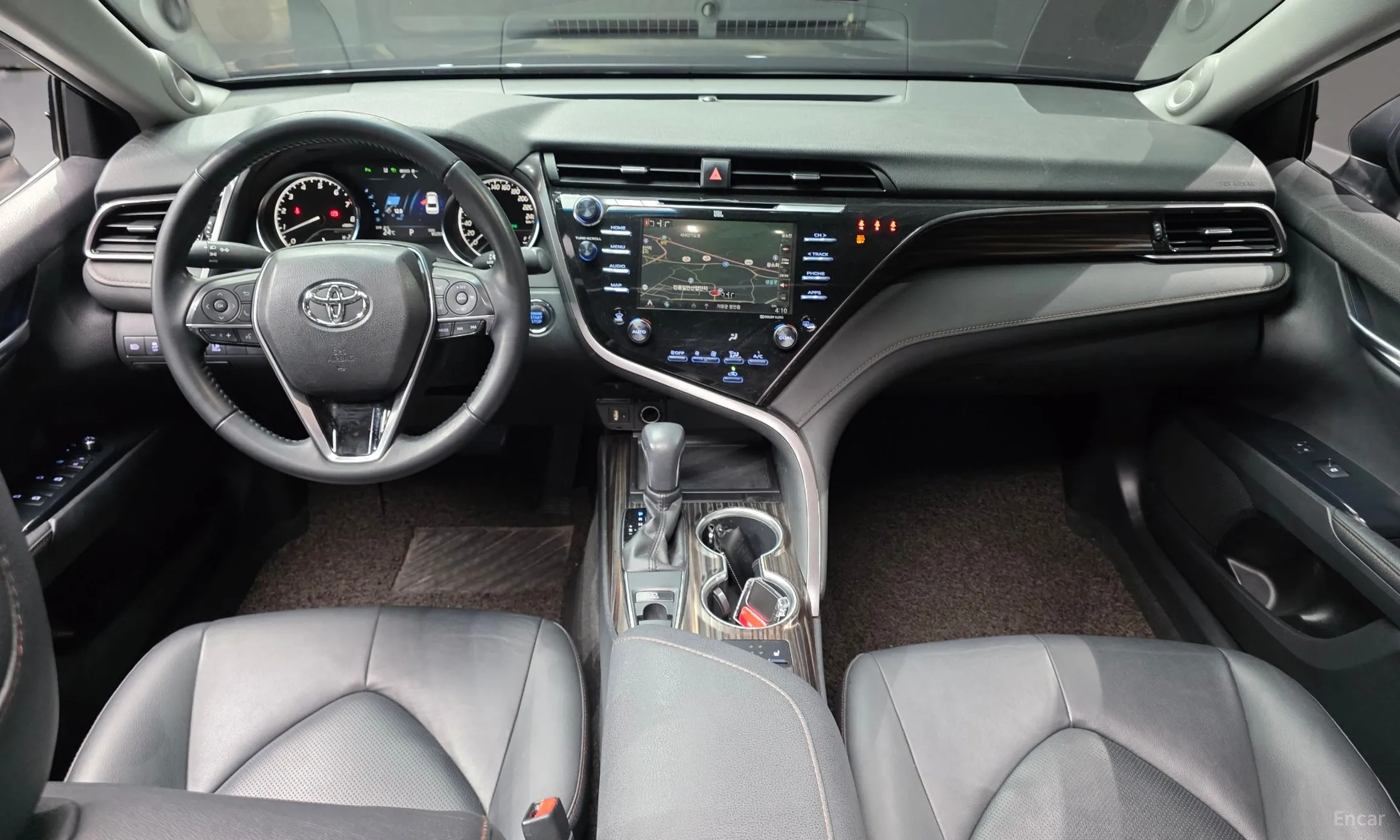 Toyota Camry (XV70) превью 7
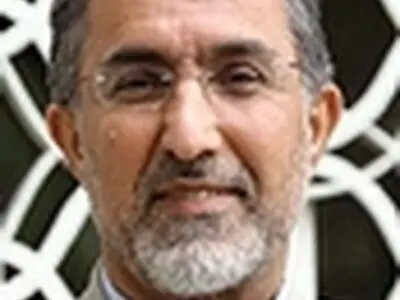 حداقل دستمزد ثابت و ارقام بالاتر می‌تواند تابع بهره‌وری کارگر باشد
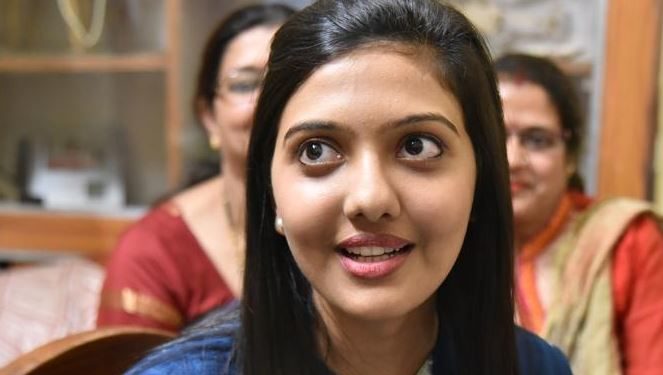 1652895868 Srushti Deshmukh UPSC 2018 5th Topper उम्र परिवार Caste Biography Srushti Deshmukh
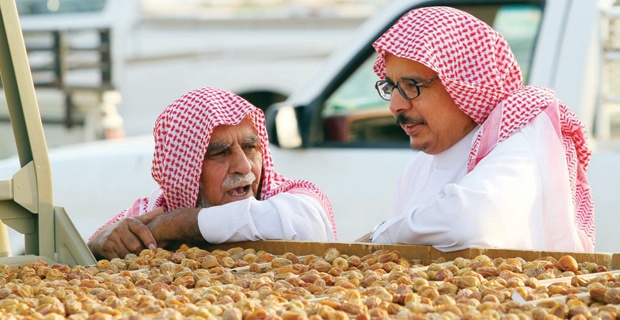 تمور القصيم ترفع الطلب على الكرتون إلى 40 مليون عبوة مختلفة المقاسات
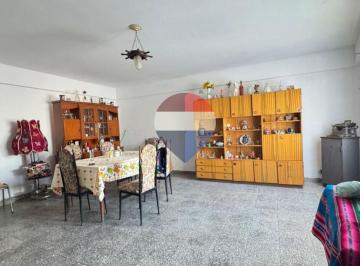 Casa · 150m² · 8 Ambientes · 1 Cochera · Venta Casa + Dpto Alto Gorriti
--
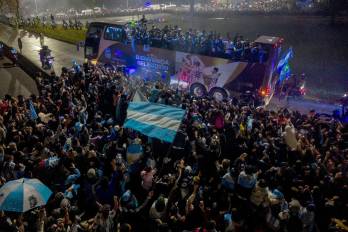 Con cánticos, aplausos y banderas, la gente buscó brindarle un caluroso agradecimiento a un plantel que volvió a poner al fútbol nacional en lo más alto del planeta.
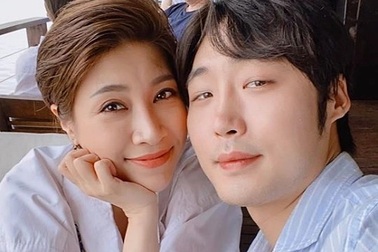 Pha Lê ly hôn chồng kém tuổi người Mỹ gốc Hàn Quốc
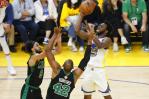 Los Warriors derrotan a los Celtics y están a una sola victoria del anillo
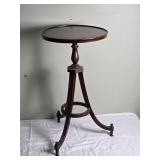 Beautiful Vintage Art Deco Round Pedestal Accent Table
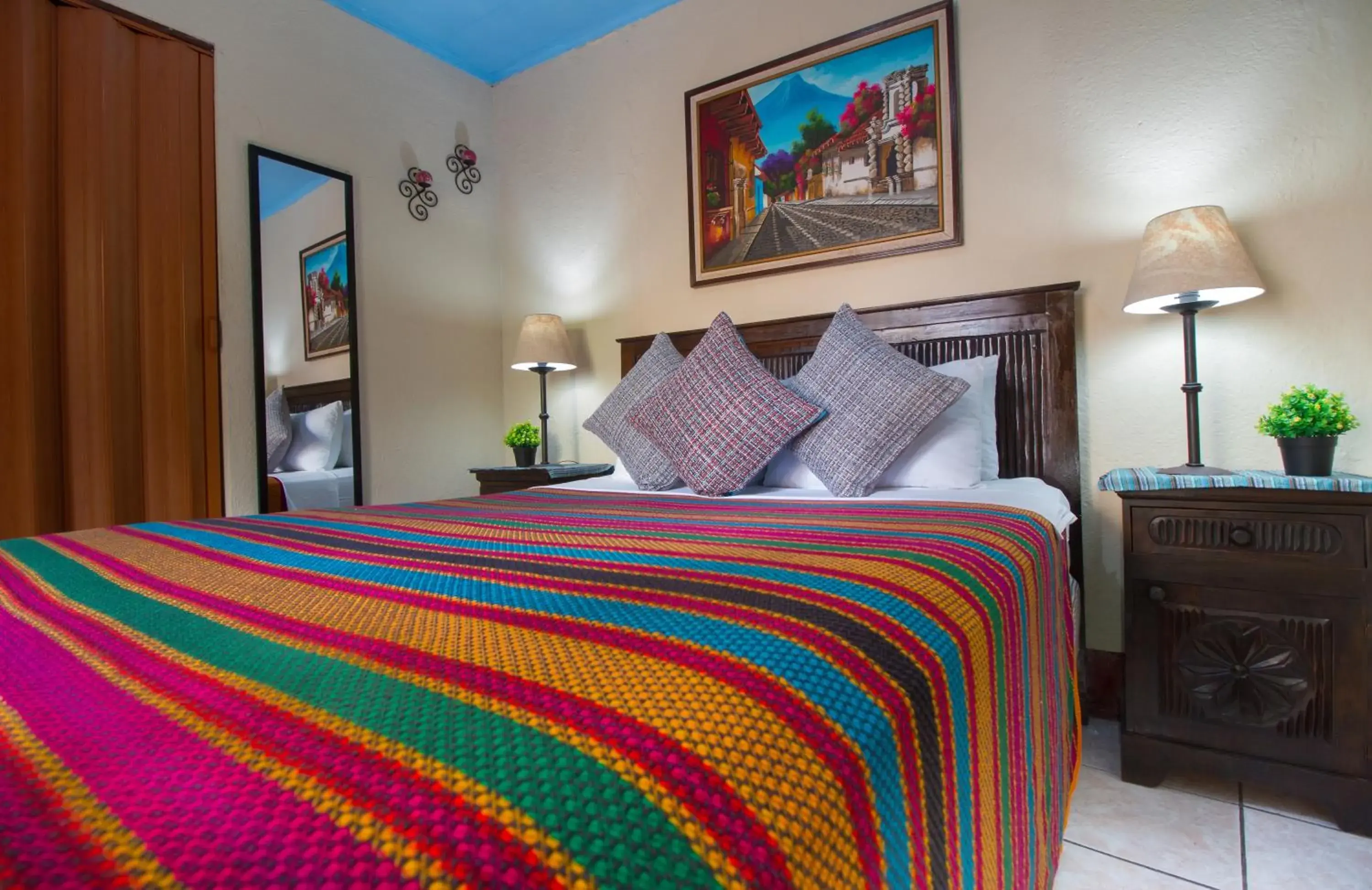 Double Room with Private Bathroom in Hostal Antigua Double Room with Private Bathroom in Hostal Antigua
* * *
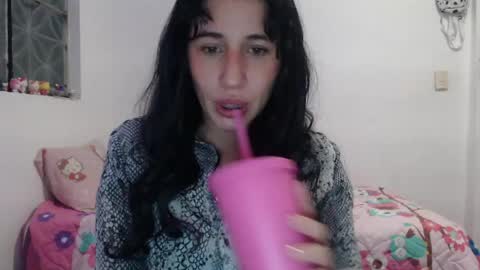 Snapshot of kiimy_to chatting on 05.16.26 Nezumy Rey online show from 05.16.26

Task directions: Nothing but the lines above from the one that has "حداقل دستمزد ثابت" down to the one that has "تمور القصيم ترفع" belongs in the answer, copied exactly, without pictures.

Task answer:
 حداقل دستمزد ثابت و ارقام بالاتر می‌تواند تابع بهره‌وری کارگر باشد
 1652895868 Srushti Deshmukh UPSC 2018 5th Topper उम्र परिवार Caste Biography Srushti Deshmukh
 تمور القصيم ترفع الطلب على الكرتون إلى 40 مليون عبوة مختلفة المقاسات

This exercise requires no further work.